** Task item **
Set down nothing but the lines from the one containing "OmySalon 3' x" to the final line of the material, exactly as written, and drop the pictures.

** The records **

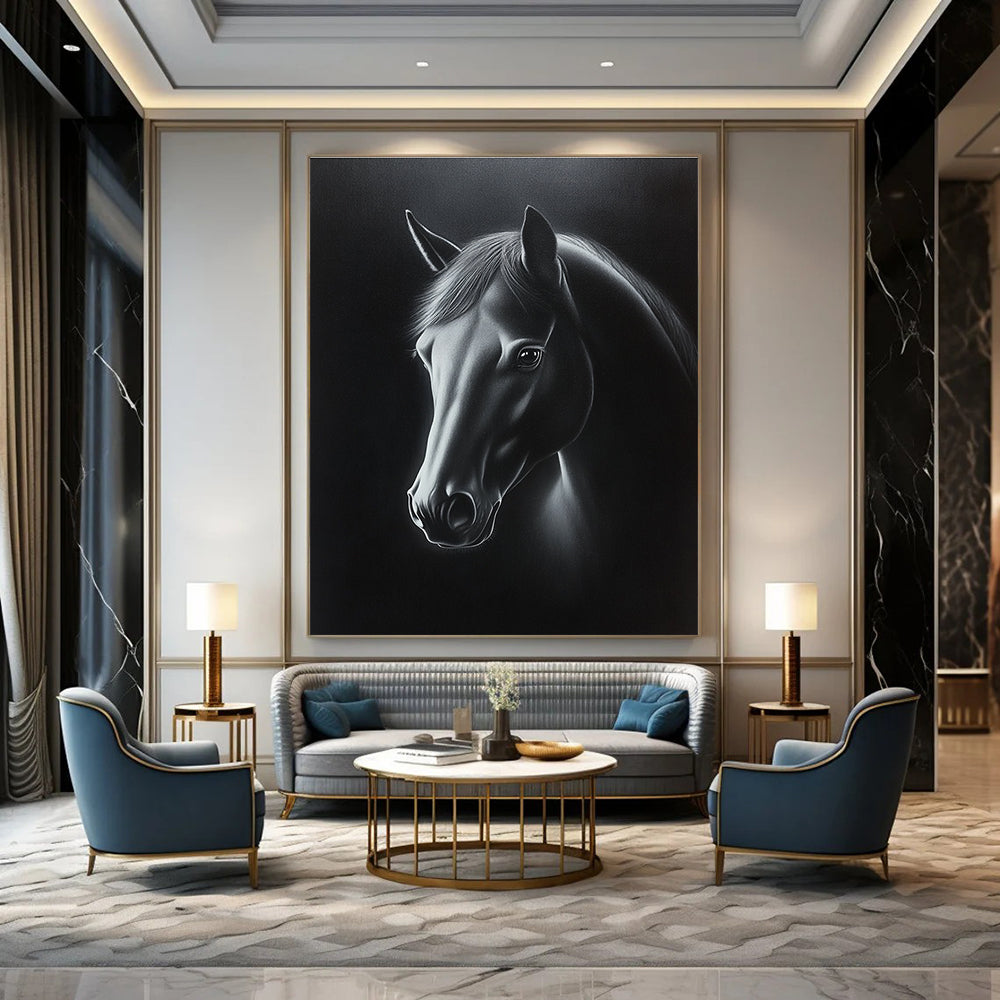 Realistic Horse Portrait for Equestrian Clubhouse & Luxury Home Study STSC1076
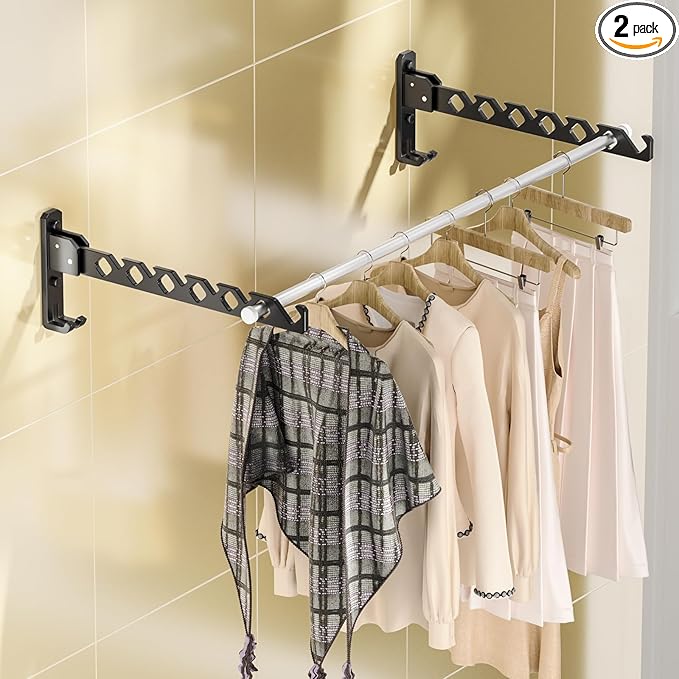 Dr.DJ Wall Mount Coat Hanger Holder Black Clothes Drying Organizer Rack Garment Hooks Aluminium Retractable Folding Indoor Wall Mounted Hanger for Laundry Room Bedroom Black 2Pack with 80cm Rod-Ruum Studio Home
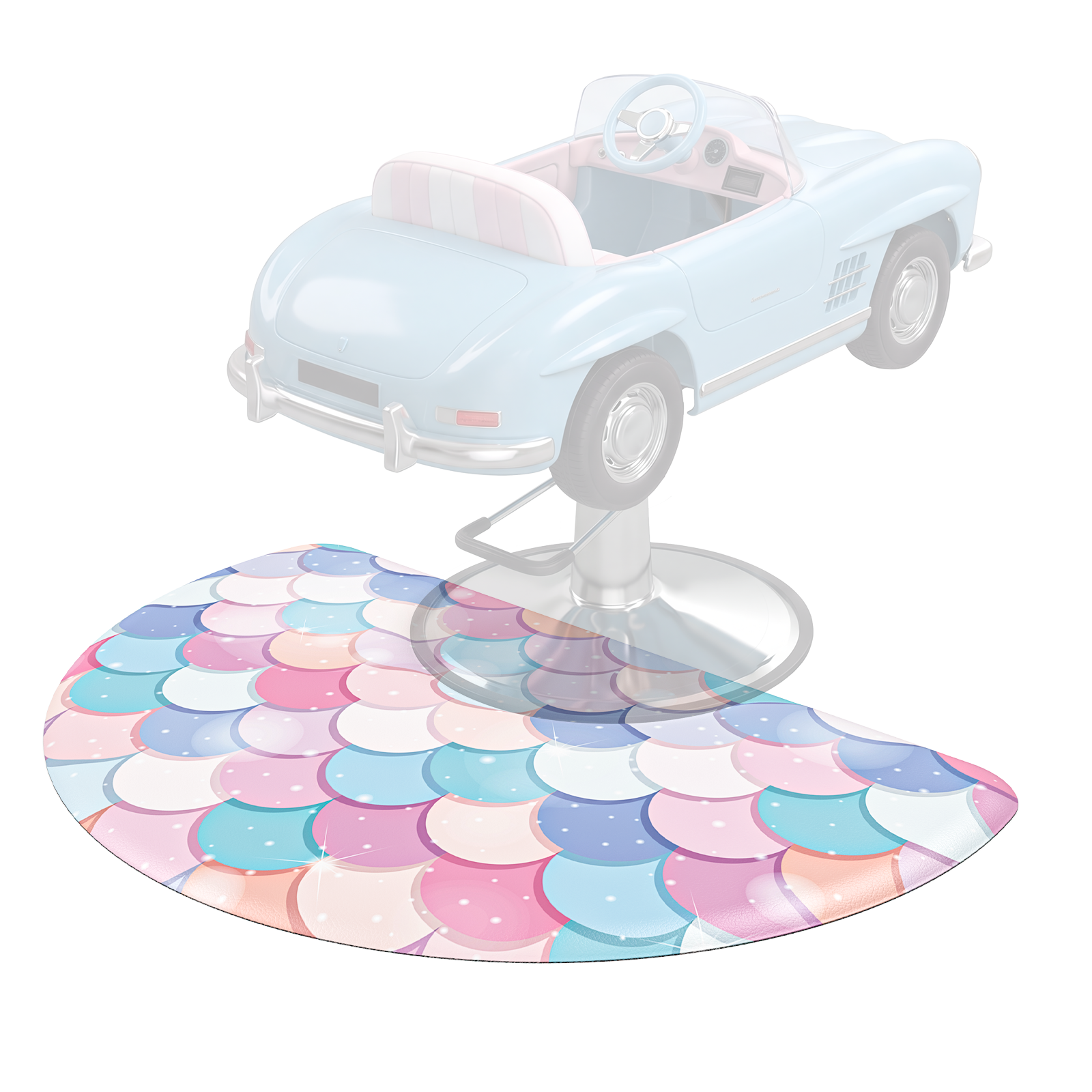 OmySalon 3' x 5' Kids Salon Anti-Fatigue Mat for Round Base Styling Chairs 5/8" Thick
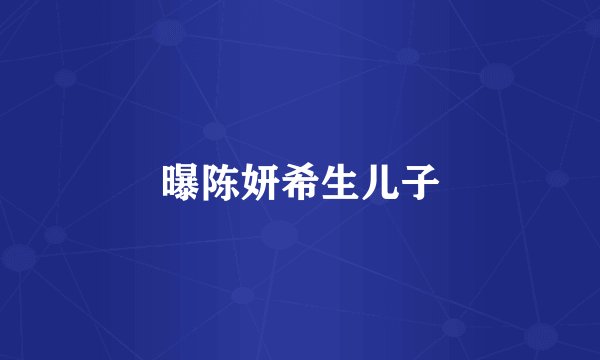 曝陈妍希生儿子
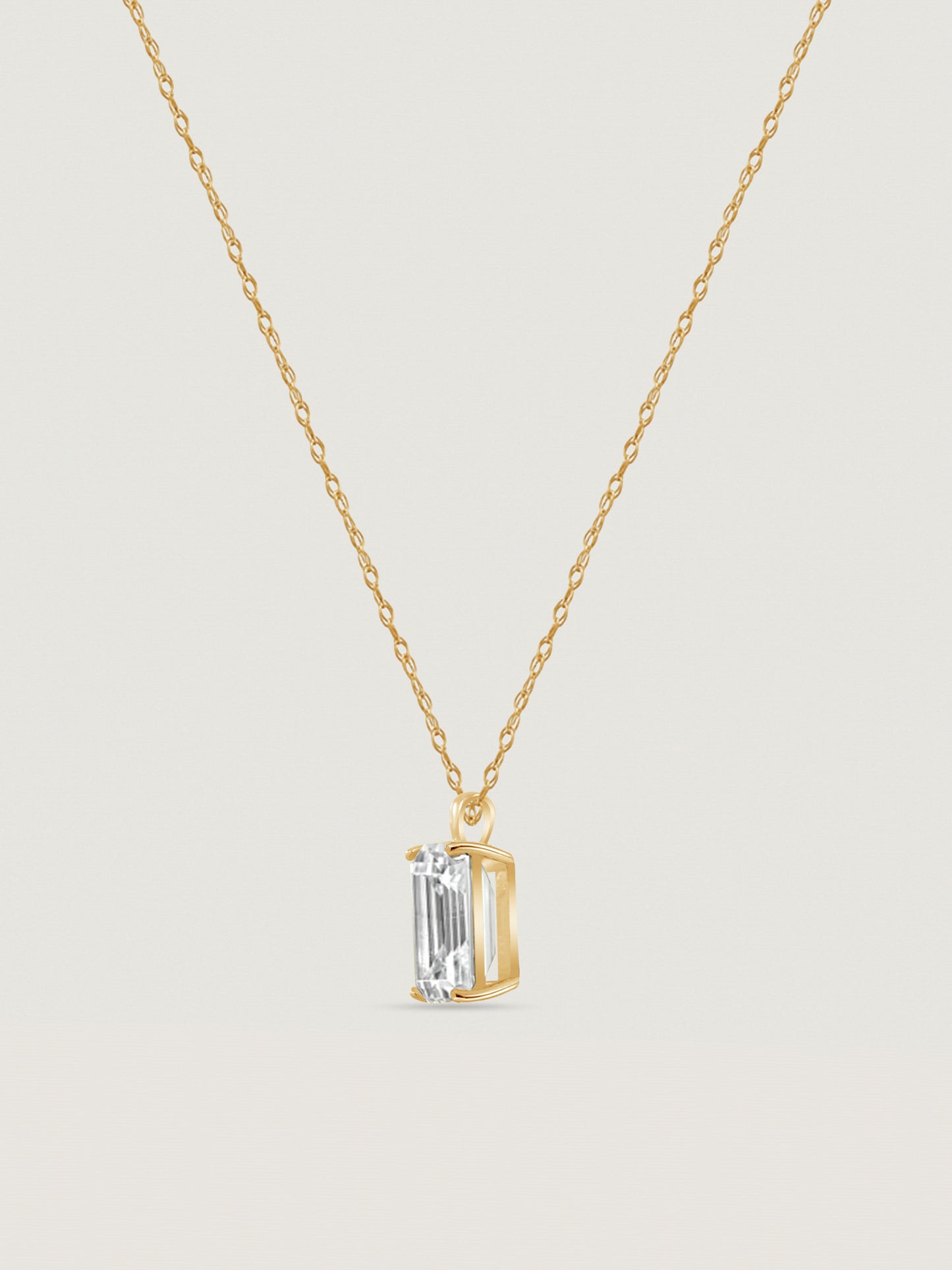 14K Solid Gold Solitaire Necklace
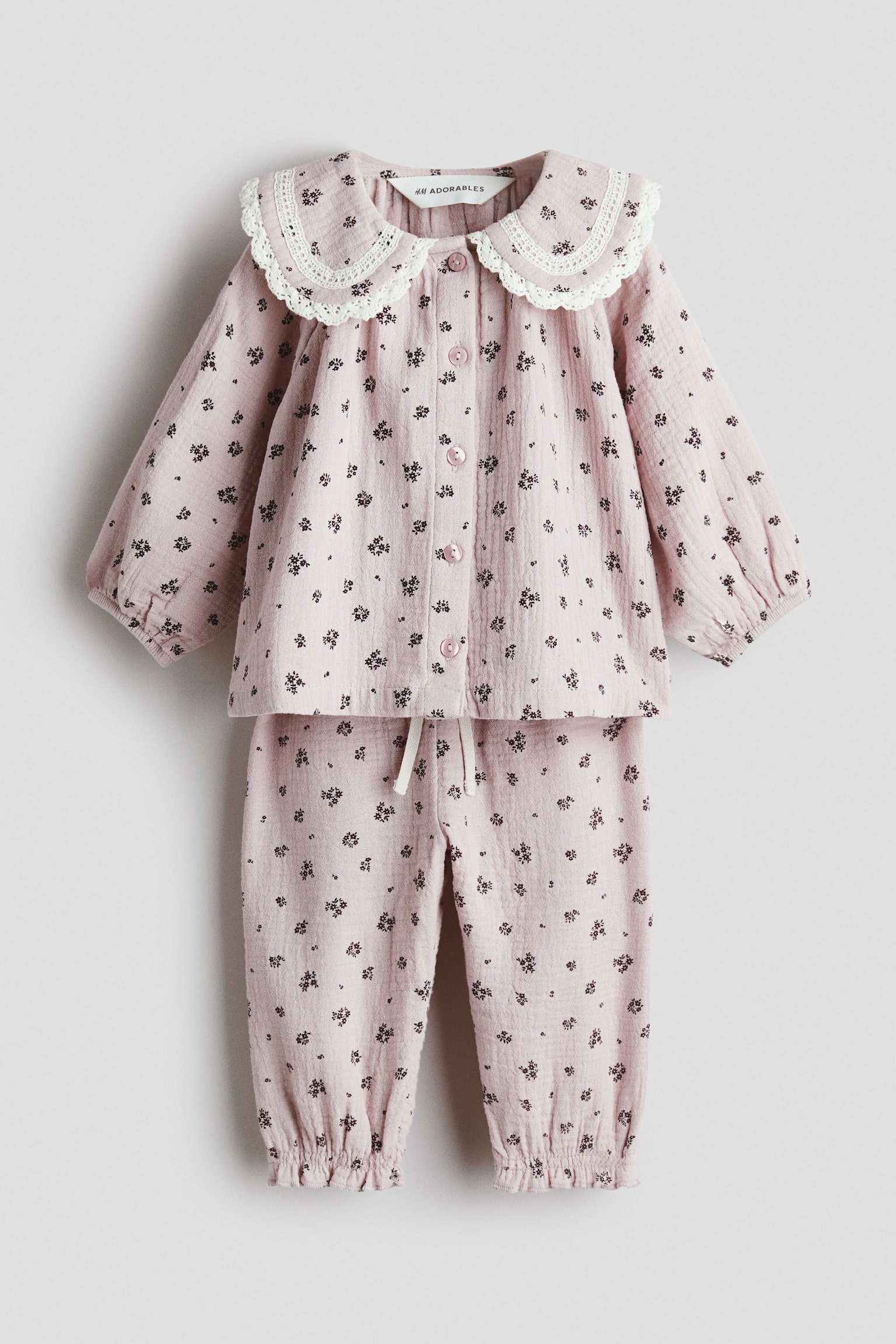 2-piece patterned cotton set - Light dusty purple/Floral - 1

** Exercise output **
 OmySalon 3' x 5' Kids Salon Anti-Fatigue Mat for Round Base Styling Chairs 5/8" Thick
 曝陈妍希生儿子
 14K Solid Gold Solitaire Necklace
 2-piece patterned cotton set - Light dusty purple/Floral - 1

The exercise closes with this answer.